With a recent meeting between Arizona Senator Carlyle Begay and Arizona’s Governor Doug Ducey, the task force requested a meeting with U.S. Senator John McCain.

“Now state leaderships know that the nation wants to form, if you may, partnerships,” Bates said.

The final section of the report addressed energy needs in the Navajo Nation. First, the report outlined the possibility of development of solar assets that could make commercial scale solar development a challenge.

The report also gave details of a visit by members of the 23rd Navajo Nation Council to Camp Pendleton in California, to honor Navajo Code Talkers, at which the Marine Corps demonstrated a recently declassified off-grid renewable energy system.

Bates said the cost benefit of the system impressed him with its simplicity, and its ability to adapt to unforeseen disruptions.

“The off-grid with the way it was put in place, one, it could store electricity. Secondly, in the event there was a situation that caused the equipment to go off, it triggered so that it could tap into the grid system,” he said.

He said he could see practical applications and budgetary benefits for the Navajo Nation and specific areas.

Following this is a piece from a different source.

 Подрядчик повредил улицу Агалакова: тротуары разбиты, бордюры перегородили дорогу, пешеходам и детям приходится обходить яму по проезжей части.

“Now, let’s use the Bennett Freeze area as an example. There is some very remote areas within the Bennett Freeze, and when it costs anywhere from 35 to 60 thousand dollars a mile to do a power line extension, do the math,” he said.

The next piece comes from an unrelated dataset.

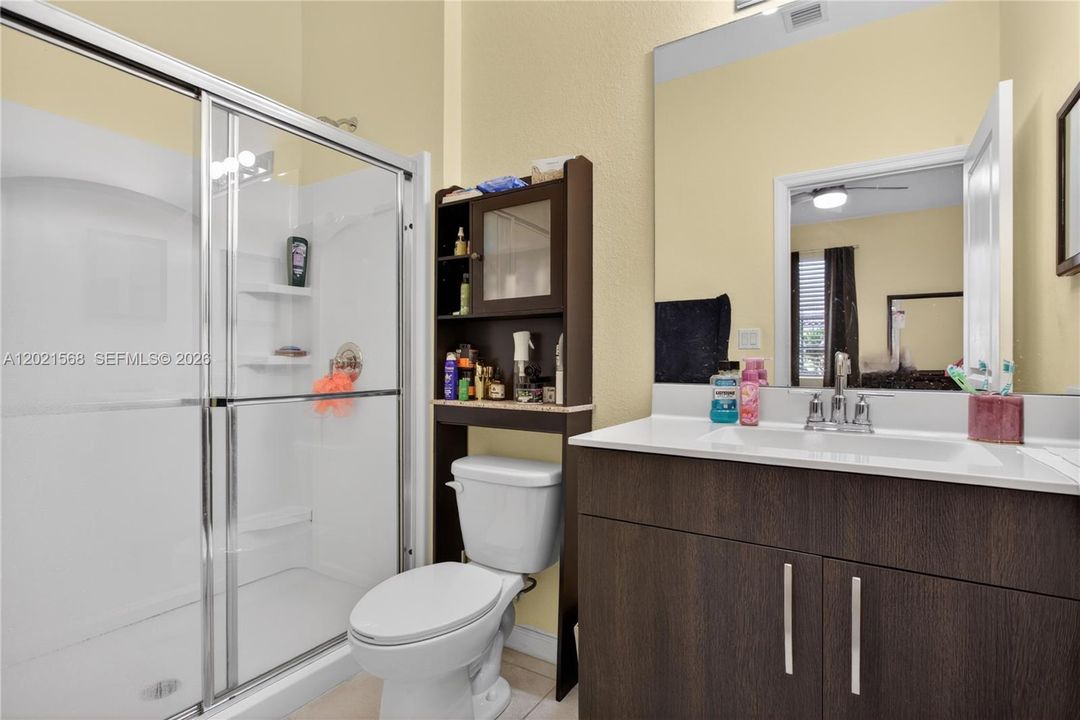 В аренду: $2,600 (3 спален, 2 ванн, 1496 Квадратных фут)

The report went on to consider an MIT study that looked at the future of coal based on new EPA regulations.

“The Nation recognizes that we have a hundred years of coal reserves, and that the coal reserves have provided the jobs. It has provided revenue, but we also recognize that the coal industry is struggling,” Bates said.

He also stated the need for the Navajo Nation to use assets currently available as well as laying a path toward the future with new technologies, a balance as he described it.

“There needs to be a balance in terms of not only the revenue, but in the job creation. So, we have got to look on both sides and how both sides can be mutually benefited here,” Bates said.

“When you look at the remoteness of Navajo and how we’re so spread out, as a result of that, we as a nation have to look at what do we have now? How can we use what we have to benefit our people in the most effective and most efficient manner that we can do this?”

He again referenced the technology featured at Camp Pendleton.

“It’s technology that is in place, and it’s the future as I saw it,” he said.